Someone who survived a moderate-to-severe traumatic brain injury five years ago and now finds that certain memories from before the injury are missing, and that new memories are harder to form and easier to lose, is at the specific clinical target of a device that has just cleared its first US regulatory milestone. Nia Therapeutics, a small Boston-area company that most BCI coverage does not track, announced on 13 March 2026 that the US Food and Drug Administration had granted its Smart Neurostimulation System (SNS) a Breakthrough Device Designation for the treatment of episodic memory loss in adults with prior moderate-to-severe traumatic brain injury and persistent memory deficits. The company describes the SNS as the first device to receive Breakthrough Designation specifically for TBI-related memory loss; that specific-first claim is a company assertion because the FDA does not publicly disclose Breakthrough Designations unless the sponsor discloses them first, so the claim is not independently falsifiable from public data but is defensible in its narrow framing. Nia estimates, citing a 2015 US Centers for Disease Control and Prevention Report to Congress, that more than 4.3 million Americans live with TBI-related disability.

Inside BCI has not previously covered Nia Therapeutics or the memory-implant BCI category more broadly. That coverage gap is worth naming: the visible BCI narrative from the past two years has centred on motor and speech restoration in cervical spinal cord injury and ALS through Neuralink, Synchron, Paradromics, Precision Neuroscience, Neuracle, and BrainGate. Memory and cognition sit alongside vision (Cortigent Orion), pain (Nevro), tremor (Cala Health), and psychiatric-state indications (Motif Neurotech’s treatment-resistant depression work) as commercial verticals adjacent to the dominant motor-restoration lane. Nia is the company most directly built to fill the memory slot. The company sits inside a scientific lineage that traces to the US Defense Advanced Research Projects Agency’s Restoring Active Memory (RAM) programme, which began funding memory-decoding neuroprosthesis research at the University of Pennsylvania in 2014 under principal investigator Michael Kahana at Penn’s Computational Memory Lab. Nia was founded in 2018 in Allston, Massachusetts, licensed Kahana lab algorithms from Penn, and now has 60-channel cortical hardware and an FDA Breakthrough Designation without yet having implanted the device in a human.

Who runs Nia

Nia’s chief executive is Michael J. Kahana, PhD, the Edmund and Louise Kahn Term Professor of Psychology at the University of Pennsylvania and co-founder of Penn’s Computational Memory Lab. Kahana led the Penn team that participated in DARPA’s RAM programme from its 2014 start and is co-inventor of the SNS core technology. He is Nia’s co-founder and CEO. Nia’s co-founder, president, and chief technology officer is Daniel S. Rizzuto, PhD, whose academic path runs from a Brandeis neuroscience doctorate through a Caltech neural engineering postdoc to a Director of Cognitive Neuromodulation role at Penn. Rizzuto’s prior industry experience spans Northstar Neuroscience, Varian Medical Systems, the Swedish Neuroscience Institute, and the Allen Institute for Brain Science. Nia’s medical advisors include Ramon Diaz-Arrastia, Presidential Professor of Neurology at Penn and Director of the TBI Clinical Research Center; Bob Gross, Chair of Neurosurgery at Rutgers; Brad Lega at UT Southwestern; and Geoff Aguirre at Penn.
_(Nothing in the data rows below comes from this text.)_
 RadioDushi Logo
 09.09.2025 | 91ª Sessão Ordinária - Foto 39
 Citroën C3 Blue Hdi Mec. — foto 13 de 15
Nia’s independent board directors include Milton Morris (former CEO of Neuspera Medical), Bob Greenberg (chief executive of huMannity and former Second Sight founder), Tim Marjenin (Vice President of Regulatory Affairs at MCRA and a former FDA Branch Chief for Neurological Devices), and Sat Pannu (Vice President at Nevro).

Nia’s corporate identity is small compared with its scientific pedigree. The team page names roughly a dozen full-time technical staff. The company has not disclosed venture funding rounds, lead investors, or a specific runway on its public materials. That reticence is typical for a US medical-device company in the year before its first-in-human study.

What the SNS actually is

Per Nia’s own product materials and the Brain Stimulation validation paper published in December 2025, the Smart Neurostimulation System is a fully implantable wireless neurostimulation platform comprising a neural implant, an external processor worn behind the ear, four depth leads, and a cloud-based analytics platform. Nia’s press releases describe the device as recording from 60 channels across four brain regions, with the recorded neural activity used to trigger closed-loop stimulation of the lateral temporal cortex. The specific four brain regions used for recording are not named in Nia’s public press materials; the stimulation target that is named is the lateral temporal cortex. The Rizzuto Brain Stimulation paper describes the integrated pulse generator as sensing local field activity from 60 electrodes with four reference electrodes. Nia’s technology page separately describes the hardware as four depth leads with 16 electrodes each for a total of 64 electrodes, which is a discrepancy with the paper’s description of 8-channel depth leads. Nia has not publicly reconciled the two descriptions in materials Inside BCI could access; the 60-recording-channels figure is what appears in both press-release and peer-reviewed sources.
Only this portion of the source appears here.